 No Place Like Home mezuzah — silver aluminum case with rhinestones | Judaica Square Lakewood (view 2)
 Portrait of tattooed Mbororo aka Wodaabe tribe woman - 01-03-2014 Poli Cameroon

════════════════

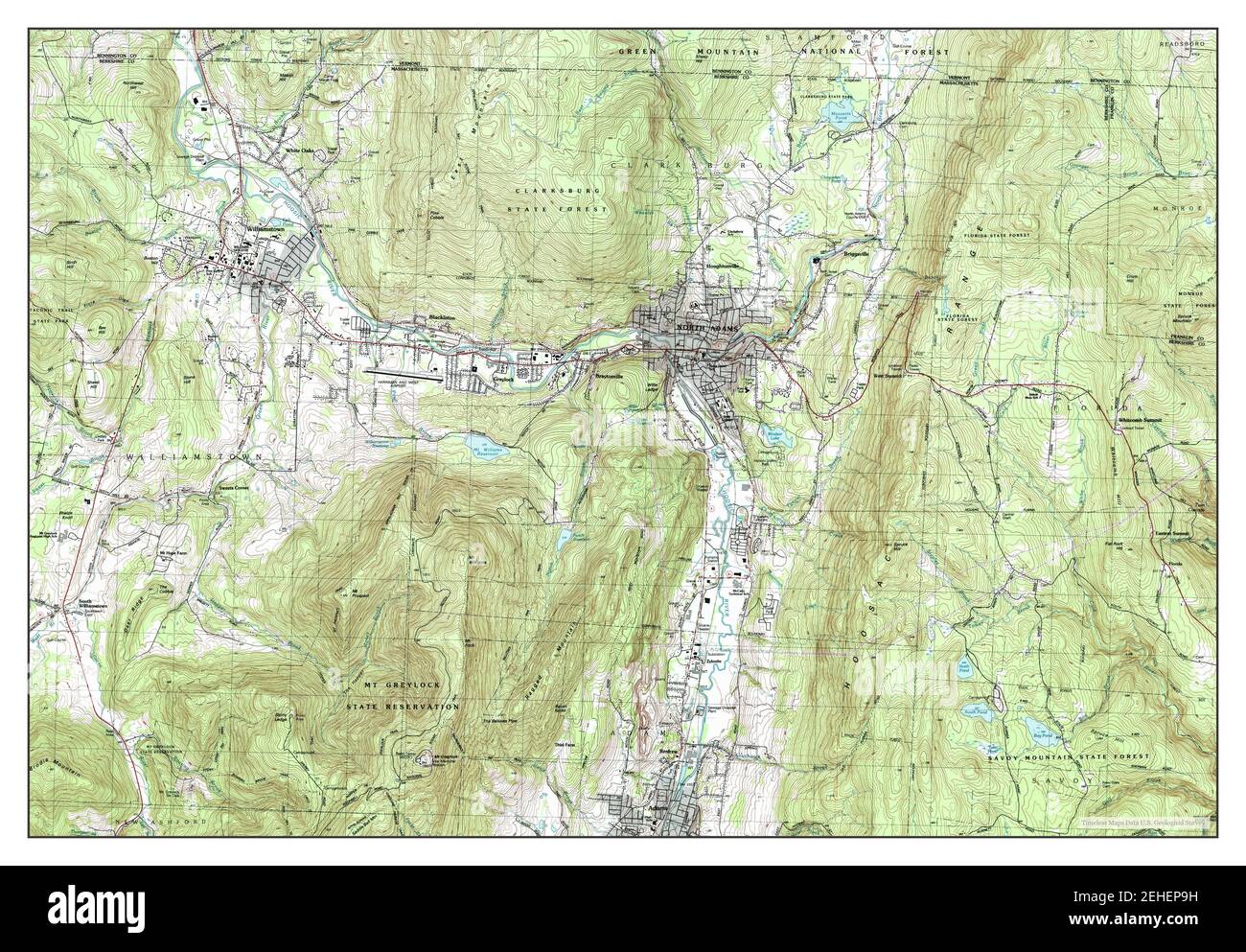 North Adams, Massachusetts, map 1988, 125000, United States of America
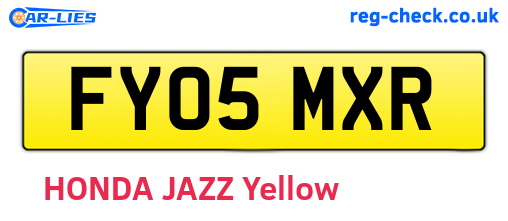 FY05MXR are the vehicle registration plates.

════════════════

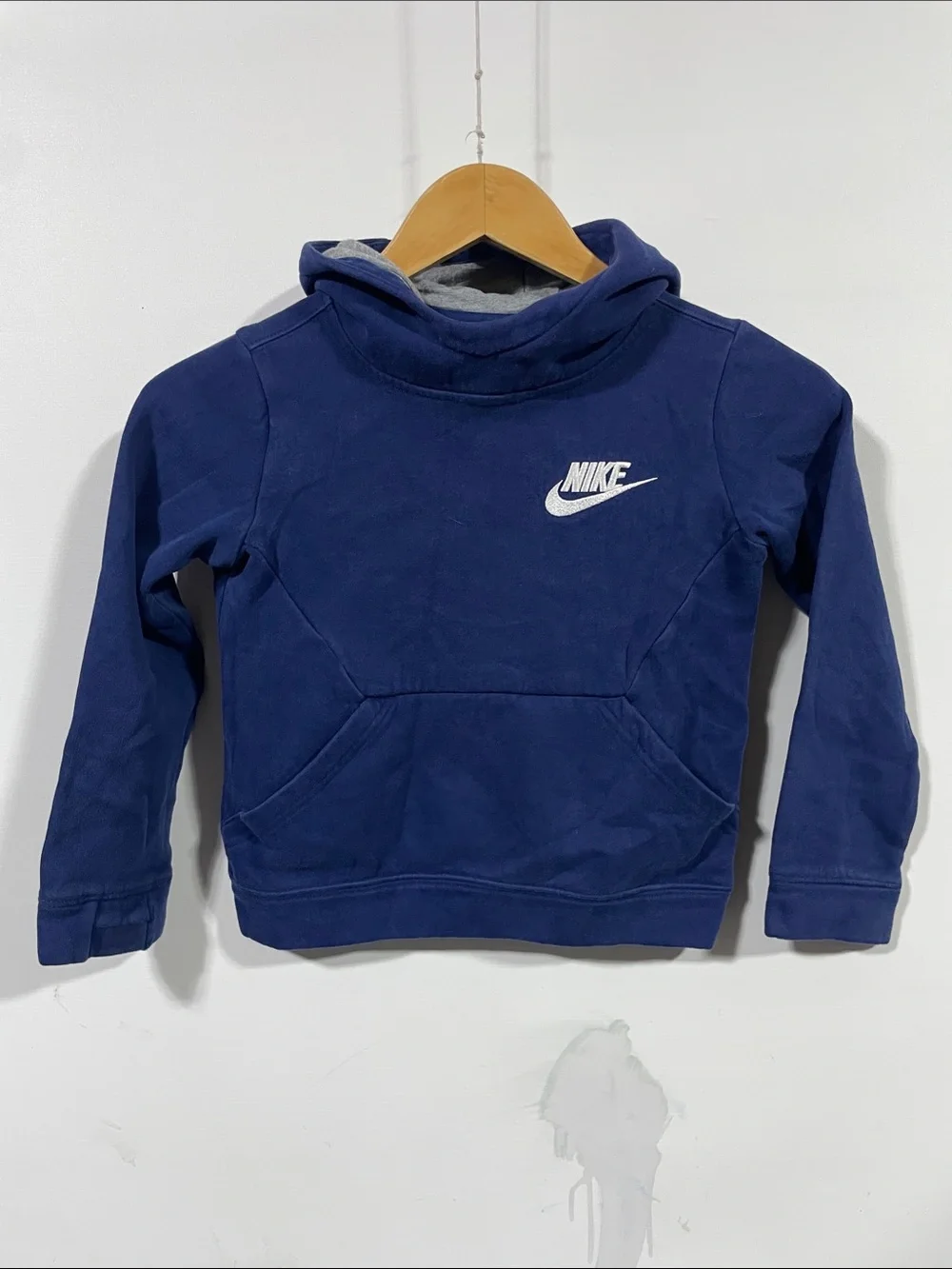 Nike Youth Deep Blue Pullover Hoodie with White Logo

════════════════

** What you are asked to do **
With pictures excluded, reproduce exactly the lines above from the one containing "North Adams, Massachusetts, map" down to the one containing "FY05MXR are the vehicle registration plates.", those two included.

** Expected answer **
 North Adams, Massachusetts, map 1988, 125000, United States of America
 FY05MXR are the vehicle registration plates.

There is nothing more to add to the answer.